■ **WORK REQUEST**:
Each entry here needs to be given again exactly.

──────── DATASET CONTENT ────────

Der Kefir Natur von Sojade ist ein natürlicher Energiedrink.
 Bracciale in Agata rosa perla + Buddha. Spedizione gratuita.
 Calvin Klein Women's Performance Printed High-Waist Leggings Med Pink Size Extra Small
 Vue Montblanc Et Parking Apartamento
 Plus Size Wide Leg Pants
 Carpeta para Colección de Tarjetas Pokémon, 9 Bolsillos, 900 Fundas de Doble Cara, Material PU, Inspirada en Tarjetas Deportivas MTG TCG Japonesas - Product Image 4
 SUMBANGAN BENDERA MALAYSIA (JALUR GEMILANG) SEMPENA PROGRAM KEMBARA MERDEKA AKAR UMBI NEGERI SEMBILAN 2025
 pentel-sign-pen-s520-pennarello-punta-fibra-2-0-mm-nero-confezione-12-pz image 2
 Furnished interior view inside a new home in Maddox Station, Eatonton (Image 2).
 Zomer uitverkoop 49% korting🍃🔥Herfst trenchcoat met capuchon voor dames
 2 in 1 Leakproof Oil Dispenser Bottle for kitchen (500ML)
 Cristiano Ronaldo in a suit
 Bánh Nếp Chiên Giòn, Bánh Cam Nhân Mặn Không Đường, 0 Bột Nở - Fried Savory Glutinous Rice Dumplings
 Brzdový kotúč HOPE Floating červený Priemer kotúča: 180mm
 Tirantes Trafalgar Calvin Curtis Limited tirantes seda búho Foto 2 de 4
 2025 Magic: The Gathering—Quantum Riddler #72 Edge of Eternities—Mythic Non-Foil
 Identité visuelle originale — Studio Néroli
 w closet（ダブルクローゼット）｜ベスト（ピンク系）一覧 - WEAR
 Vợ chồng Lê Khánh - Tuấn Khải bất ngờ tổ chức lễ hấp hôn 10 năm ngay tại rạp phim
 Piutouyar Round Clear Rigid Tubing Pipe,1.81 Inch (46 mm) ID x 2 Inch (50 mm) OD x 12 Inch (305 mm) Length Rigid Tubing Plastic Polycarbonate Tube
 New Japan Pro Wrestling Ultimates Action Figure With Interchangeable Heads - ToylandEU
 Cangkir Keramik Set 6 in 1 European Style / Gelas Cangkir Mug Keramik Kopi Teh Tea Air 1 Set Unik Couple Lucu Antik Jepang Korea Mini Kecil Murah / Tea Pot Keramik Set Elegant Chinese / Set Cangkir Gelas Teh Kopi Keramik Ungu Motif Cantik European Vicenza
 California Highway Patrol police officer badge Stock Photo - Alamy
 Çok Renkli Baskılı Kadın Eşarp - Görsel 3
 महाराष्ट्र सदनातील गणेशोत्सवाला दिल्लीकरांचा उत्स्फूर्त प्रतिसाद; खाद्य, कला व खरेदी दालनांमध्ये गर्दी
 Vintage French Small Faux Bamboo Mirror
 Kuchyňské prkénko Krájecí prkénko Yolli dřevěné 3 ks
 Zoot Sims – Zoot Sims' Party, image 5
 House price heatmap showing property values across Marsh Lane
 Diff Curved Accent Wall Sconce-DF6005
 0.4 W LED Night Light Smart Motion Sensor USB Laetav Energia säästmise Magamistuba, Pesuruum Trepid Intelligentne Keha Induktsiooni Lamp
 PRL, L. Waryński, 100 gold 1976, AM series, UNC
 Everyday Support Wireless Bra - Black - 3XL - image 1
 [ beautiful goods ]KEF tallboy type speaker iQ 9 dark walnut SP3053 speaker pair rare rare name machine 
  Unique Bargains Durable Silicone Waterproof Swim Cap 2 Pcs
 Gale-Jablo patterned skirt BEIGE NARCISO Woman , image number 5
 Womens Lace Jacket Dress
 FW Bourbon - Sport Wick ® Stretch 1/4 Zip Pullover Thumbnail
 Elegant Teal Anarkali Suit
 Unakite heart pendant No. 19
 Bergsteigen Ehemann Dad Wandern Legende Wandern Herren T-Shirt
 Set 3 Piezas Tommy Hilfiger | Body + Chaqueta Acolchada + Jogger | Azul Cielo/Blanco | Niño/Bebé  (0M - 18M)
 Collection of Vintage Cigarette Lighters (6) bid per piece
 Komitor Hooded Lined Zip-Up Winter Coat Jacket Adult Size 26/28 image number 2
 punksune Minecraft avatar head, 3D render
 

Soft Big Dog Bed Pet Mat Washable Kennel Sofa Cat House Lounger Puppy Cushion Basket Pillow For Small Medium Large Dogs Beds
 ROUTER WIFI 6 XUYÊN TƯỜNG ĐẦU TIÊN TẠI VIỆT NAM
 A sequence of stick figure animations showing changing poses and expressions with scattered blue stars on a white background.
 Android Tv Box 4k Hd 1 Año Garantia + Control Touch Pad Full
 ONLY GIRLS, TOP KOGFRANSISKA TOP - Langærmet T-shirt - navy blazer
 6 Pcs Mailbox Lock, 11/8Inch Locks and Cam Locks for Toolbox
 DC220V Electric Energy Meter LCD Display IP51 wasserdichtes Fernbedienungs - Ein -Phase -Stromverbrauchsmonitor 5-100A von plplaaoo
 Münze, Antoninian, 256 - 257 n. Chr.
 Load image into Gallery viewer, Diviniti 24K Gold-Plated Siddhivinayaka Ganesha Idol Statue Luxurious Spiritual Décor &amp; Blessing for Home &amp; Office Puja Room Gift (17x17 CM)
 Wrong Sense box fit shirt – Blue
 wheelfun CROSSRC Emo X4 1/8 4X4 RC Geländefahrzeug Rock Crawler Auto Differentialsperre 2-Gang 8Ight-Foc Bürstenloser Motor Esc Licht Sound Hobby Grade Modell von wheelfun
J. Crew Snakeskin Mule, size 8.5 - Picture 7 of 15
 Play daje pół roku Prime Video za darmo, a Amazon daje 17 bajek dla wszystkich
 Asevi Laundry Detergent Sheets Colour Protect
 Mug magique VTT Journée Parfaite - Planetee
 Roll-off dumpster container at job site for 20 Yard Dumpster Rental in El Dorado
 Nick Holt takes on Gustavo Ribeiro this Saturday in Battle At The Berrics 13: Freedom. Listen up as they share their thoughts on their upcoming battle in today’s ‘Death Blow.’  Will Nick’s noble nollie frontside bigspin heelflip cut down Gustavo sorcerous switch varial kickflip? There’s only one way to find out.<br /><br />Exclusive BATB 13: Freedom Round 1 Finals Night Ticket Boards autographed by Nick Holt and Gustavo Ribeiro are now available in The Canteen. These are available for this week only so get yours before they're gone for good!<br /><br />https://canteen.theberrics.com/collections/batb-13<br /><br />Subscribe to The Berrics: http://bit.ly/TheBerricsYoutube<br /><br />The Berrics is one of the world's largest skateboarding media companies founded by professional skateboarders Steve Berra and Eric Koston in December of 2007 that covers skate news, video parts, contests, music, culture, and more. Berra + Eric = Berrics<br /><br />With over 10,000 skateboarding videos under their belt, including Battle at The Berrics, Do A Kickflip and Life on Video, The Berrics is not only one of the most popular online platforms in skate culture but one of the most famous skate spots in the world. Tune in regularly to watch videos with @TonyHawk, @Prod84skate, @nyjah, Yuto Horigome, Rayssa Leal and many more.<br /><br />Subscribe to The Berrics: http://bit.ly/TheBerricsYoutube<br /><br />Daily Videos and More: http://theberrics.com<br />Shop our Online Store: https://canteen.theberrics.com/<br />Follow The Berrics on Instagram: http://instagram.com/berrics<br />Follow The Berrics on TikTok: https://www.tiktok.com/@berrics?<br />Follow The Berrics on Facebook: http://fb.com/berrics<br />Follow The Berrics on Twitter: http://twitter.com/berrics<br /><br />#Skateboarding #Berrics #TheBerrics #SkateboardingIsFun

────────

■ **TASK OUTPUT**:
Der Kefir Natur von Sojade ist ein natürlicher Energiedrink.
 Bracciale in Agata rosa perla + Buddha. Spedizione gratuita.
 Calvin Klein Women's Performance Printed High-Waist Leggings Med Pink Size Extra Small
 Vue Montblanc Et Parking Apartamento
 Plus Size Wide Leg Pants
 Carpeta para Colección de Tarjetas Pokémon, 9 Bolsillos, 900 Fundas de Doble Cara, Material PU, Inspirada en Tarjetas Deportivas MTG TCG Japonesas - Product Image 4
 SUMBANGAN BENDERA MALAYSIA (JALUR GEMILANG) SEMPENA PROGRAM KEMBARA MERDEKA AKAR UMBI NEGERI SEMBILAN 2025
 pentel-sign-pen-s520-pennarello-punta-fibra-2-0-mm-nero-confezione-12-pz image 2
 Furnished interior view inside a new home in Maddox Station, Eatonton (Image 2).
 Zomer uitverkoop 49% korting🍃🔥Herfst trenchcoat met capuchon voor dames
 2 in 1 Leakproof Oil Dispenser Bottle for kitchen (500ML)
 Cristiano Ronaldo in a suit
 Bánh Nếp Chiên Giòn, Bánh Cam Nhân Mặn Không Đường, 0 Bột Nở - Fried Savory Glutinous Rice Dumplings
 Brzdový kotúč HOPE Floating červený Priemer kotúča: 180mm
 Tirantes Trafalgar Calvin Curtis Limited tirantes seda búho Foto 2 de 4
 2025 Magic: The Gathering—Quantum Riddler #72 Edge of Eternities—Mythic Non-Foil
 Identité visuelle originale — Studio Néroli
 w closet（ダブルクローゼット）｜ベスト（ピンク系）一覧 - WEAR
 Vợ chồng Lê Khánh - Tuấn Khải bất ngờ tổ chức lễ hấp hôn 10 năm ngay tại rạp phim
 Piutouyar Round Clear Rigid Tubing Pipe,1.81 Inch (46 mm) ID x 2 Inch (50 mm) OD x 12 Inch (305 mm) Length Rigid Tubing Plastic Polycarbonate Tube
 New Japan Pro Wrestling Ultimates Action Figure With Interchangeable Heads - ToylandEU
 Cangkir Keramik Set 6 in 1 European Style / Gelas Cangkir Mug Keramik Kopi Teh Tea Air 1 Set Unik Couple Lucu Antik Jepang Korea Mini Kecil Murah / Tea Pot Keramik Set Elegant Chinese / Set Cangkir Gelas Teh Kopi Keramik Ungu Motif Cantik European Vicenza
 California Highway Patrol police officer badge Stock Photo - Alamy
 Çok Renkli Baskılı Kadın Eşarp - Görsel 3
 महाराष्ट्र सदनातील गणेशोत्सवाला दिल्लीकरांचा उत्स्फूर्त प्रतिसाद; खाद्य, कला व खरेदी दालनांमध्ये गर्दी
 Vintage French Small Faux Bamboo Mirror
 Kuchyňské prkénko Krájecí prkénko Yolli dřevěné 3 ks
 Zoot Sims – Zoot Sims' Party, image 5
 House price heatmap showing property values across Marsh Lane
 Diff Curved Accent Wall Sconce-DF6005
 0.4 W LED Night Light Smart Motion Sensor USB Laetav Energia säästmise Magamistuba, Pesuruum Trepid Intelligentne Keha Induktsiooni Lamp
 PRL, L. Waryński, 100 gold 1976, AM series, UNC
 Everyday Support Wireless Bra - Black - 3XL - image 1
 [ beautiful goods ]KEF tallboy type speaker iQ 9 dark walnut SP3053 speaker pair rare rare name machine 
  Unique Bargains Durable Silicone Waterproof Swim Cap 2 Pcs
 Gale-Jablo patterned skirt BEIGE NARCISO Woman , image number 5
 Womens Lace Jacket Dress
 FW Bourbon - Sport Wick ® Stretch 1/4 Zip Pullover Thumbnail
 Elegant Teal Anarkali Suit
 Unakite heart pendant No. 19
 Bergsteigen Ehemann Dad Wandern Legende Wandern Herren T-Shirt
 Set 3 Piezas Tommy Hilfiger | Body + Chaqueta Acolchada + Jogger | Azul Cielo/Blanco | Niño/Bebé  (0M - 18M)
 Collection of Vintage Cigarette Lighters (6) bid per piece
 Komitor Hooded Lined Zip-Up Winter Coat Jacket Adult Size 26/28 image number 2
 punksune Minecraft avatar head, 3D render
 

Soft Big Dog Bed Pet Mat Washable Kennel Sofa Cat House Lounger Puppy Cushion Basket Pillow For Small Medium Large Dogs Beds
 ROUTER WIFI 6 XUYÊN TƯỜNG ĐẦU TIÊN TẠI VIỆT NAM
 A sequence of stick figure animations showing changing poses and expressions with scattered blue stars on a white background.
 Android Tv Box 4k Hd 1 Año Garantia + Control Touch Pad Full
 ONLY GIRLS, TOP KOGFRANSISKA TOP - Langærmet T-shirt - navy blazer
 6 Pcs Mailbox Lock, 11/8Inch Locks and Cam Locks for Toolbox
 DC220V Electric Energy Meter LCD Display IP51 wasserdichtes Fernbedienungs - Ein -Phase -Stromverbrauchsmonitor 5-100A von plplaaoo
 Münze, Antoninian, 256 - 257 n. Chr.
 Load image into Gallery viewer, Diviniti 24K Gold-Plated Siddhivinayaka Ganesha Idol Statue Luxurious Spiritual Décor &amp; Blessing for Home &amp; Office Puja Room Gift (17x17 CM)
 Wrong Sense box fit shirt – Blue
 wheelfun CROSSRC Emo X4 1/8 4X4 RC Geländefahrzeug Rock Crawler Auto Differentialsperre 2-Gang 8Ight-Foc Bürstenloser Motor Esc Licht Sound Hobby Grade Modell von wheelfun
J. Crew Snakeskin Mule, size 8.5 - Picture 7 of 15
 Play daje pół roku Prime Video za darmo, a Amazon daje 17 bajek dla wszystkich
 Asevi Laundry Detergent Sheets Colour Protect
 Mug magique VTT Journée Parfaite - Planetee
 Roll-off dumpster container at job site for 20 Yard Dumpster Rental in El Dorado
 Nick Holt takes on Gustavo Ribeiro this Saturday in Battle At The Berrics 13: Freedom. Listen up as they share their thoughts on their upcoming battle in today’s ‘Death Blow.’  Will Nick’s noble nollie frontside bigspin heelflip cut down Gustavo sorcerous switch varial kickflip? There’s only one way to find out.<br /><br />Exclusive BATB 13: Freedom Round 1 Finals Night Ticket Boards autographed by Nick Holt and Gustavo Ribeiro are now available in The Canteen. These are available for this week only so get yours before they're gone for good!<br /><br />https://canteen.theberrics.com/collections/batb-13<br /><br />Subscribe to The Berrics: http://bit.ly/TheBerricsYoutube<br /><br />The Berrics is one of the world's largest skateboarding media companies founded by professional skateboarders Steve Berra and Eric Koston in December of 2007 that covers skate news, video parts, contests, music, culture, and more. Berra + Eric = Berrics<br /><br />With over 10,000 skateboarding videos under their belt, including Battle at The Berrics, Do A Kickflip and Life on Video, The Berrics is not only one of the most popular online platforms in skate culture but one of the most famous skate spots in the world. Tune in regularly to watch videos with @TonyHawk, @Prod84skate, @nyjah, Yuto Horigome, Rayssa Leal and many more.<br /><br />Subscribe to The Berrics: http://bit.ly/TheBerricsYoutube<br /><br />Daily Videos and More: http://theberrics.com<br />Shop our Online Store: https://canteen.theberrics.com/<br />Follow The Berrics on Instagram: http://instagram.com/berrics<br />Follow The Berrics on TikTok: https://www.tiktok.com/@berrics?<br />Follow The Berrics on Facebook: http://fb.com/berrics<br />Follow The Berrics on Twitter: http://twitter.com/berrics<br /><br />#Skateboarding #Berrics #TheBerrics #SkateboardingIsFun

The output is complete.